Serve un nuovo modello di intelligent management; ecco perché è urgente imparare ad attivare con efficacia le intelligenze relazionali e perché l’adozione di un approccio relazionale si riveli così impegnativo e radicale. Oggi è necessario che l’intelligenza manageriale si parametri a delle nuove metriche, non più individuali ma di tipo relazionale: qualitative, circolari, plurilivello e multidimensionali.

Un’adeguata e coerente comprensione e governance delle interazioni con gli altri, singoli e gruppi, assume un ruolo decisivo per svelare le trame relazionali nascoste dell’organizzazione e favorire la fioritura ed il pieno utilizzo di talenti sempre più frammentati nello spazio e nel tempo così come per garantire il coordinamento tra le reti dei sistemi che determinano l’orizzonte operativo del business aziendale.

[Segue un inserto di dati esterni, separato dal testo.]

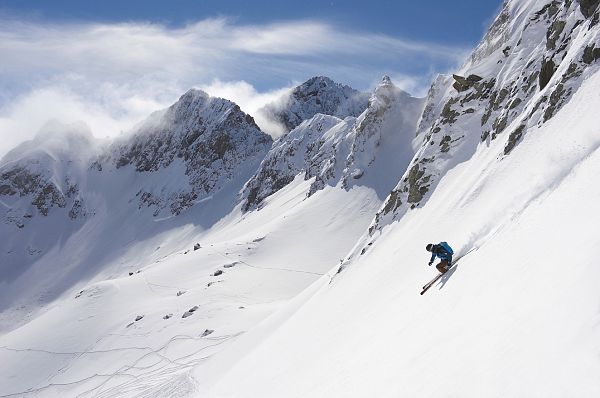 Skifahren_Lech_Arlberg_Winter_Hotel Angela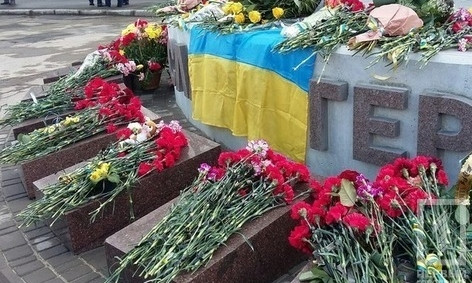 К памятнику Героям АТО в Терновском районе добавили три меморильные плиты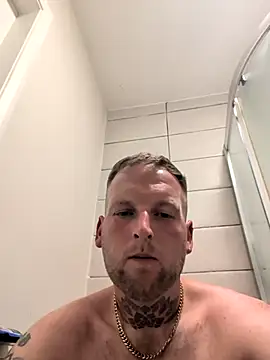dave32000 online show from July 9, 2026, 12:00 am
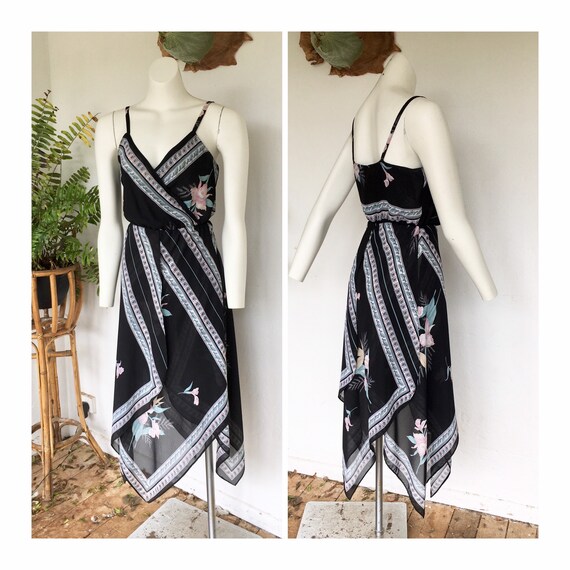 Amazing 70s scarf dress handkerchief hem black bor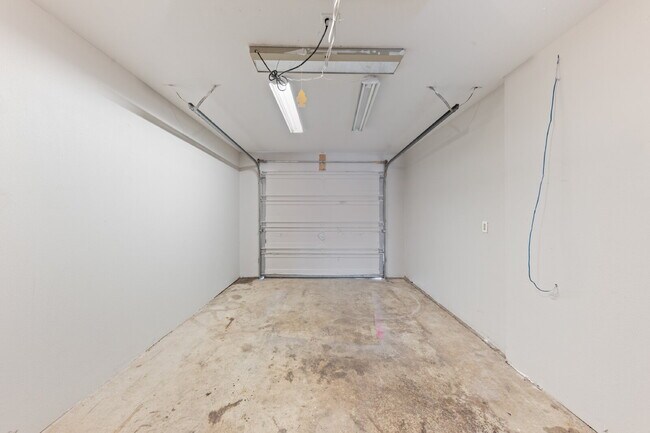 Foto del edificio - Spacious Townhome 3 Bedrooms plus office!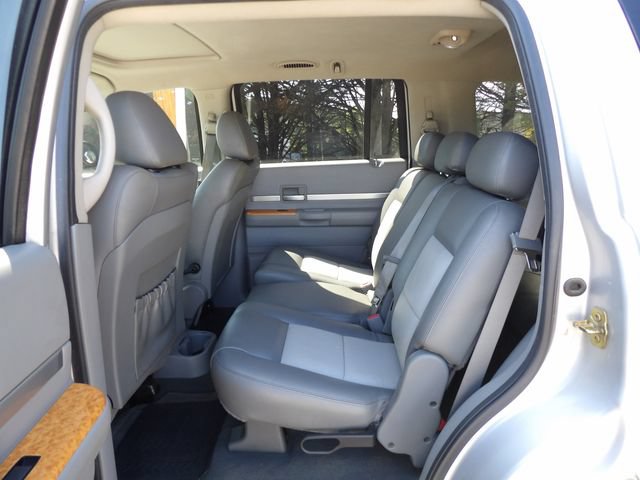 Used 2007 Chrysler Aspen Limited AWD/4WD image 12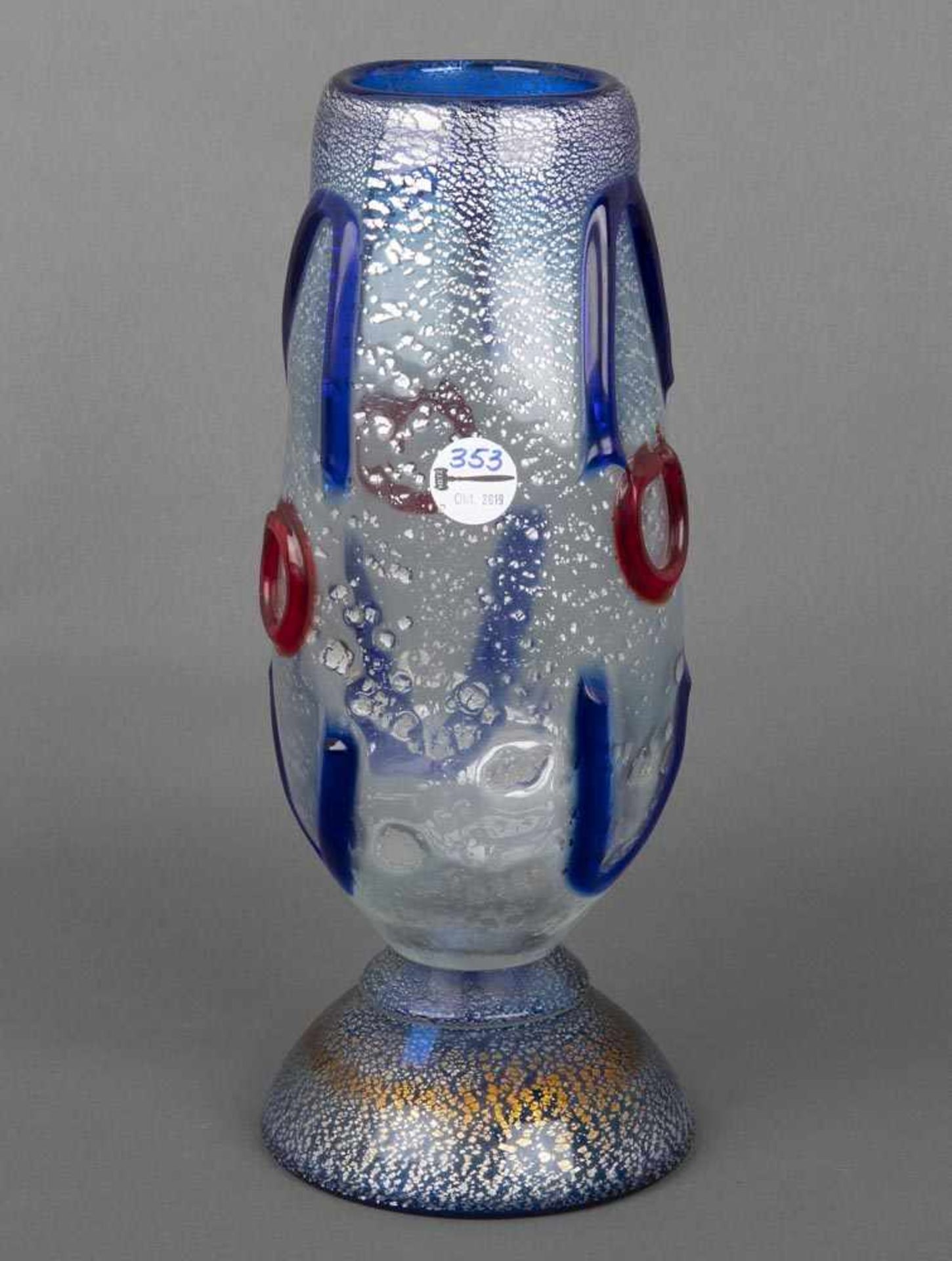 Vase. Murano 20. Jh. Farbloses Glas, mit aufgeschmolzenen blauen und roten Bändern und Gold-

Le intelligenze relazionali sono capacità di natura complessa che godono delle proprietà sistemiche dell’interdipendenza e dell’emergenza e che determinano l’azione della persona a due diversi livelli di impatto organizzativo: l’uno, che riguarda le dinamiche duali del “one to one” e del “one to many”; l’altro, che riguarda le dinamiche evolutive delle situazioni nel tempo e nello spazio. Ognuno dei due livelli è a sua volta formato da una coppia di intelligenze relazionali: due intelligenze per il livello interpersonale, quella sociale e quella emotiva, e due intelligenze per il livello eco-sistemico, quella percettiva e quella collettiva.

Pur non trattandosi di variabili indipendenti data la loro natura sistemica, è possibile descrivere i modelli di attivazione delle 4 intelligenze che si manifestano come la sorgente relazionale dell’azione organizzativa. Riconoscere i tratti caratterizzanti delle quattro forze relazionali ci consente di evidenziare la variabilità dell’una rispetto all’altra e di delineare gli schemi di pratiche ricorrenti che le possano raffigurare concomitanti seppur con differenti intensità.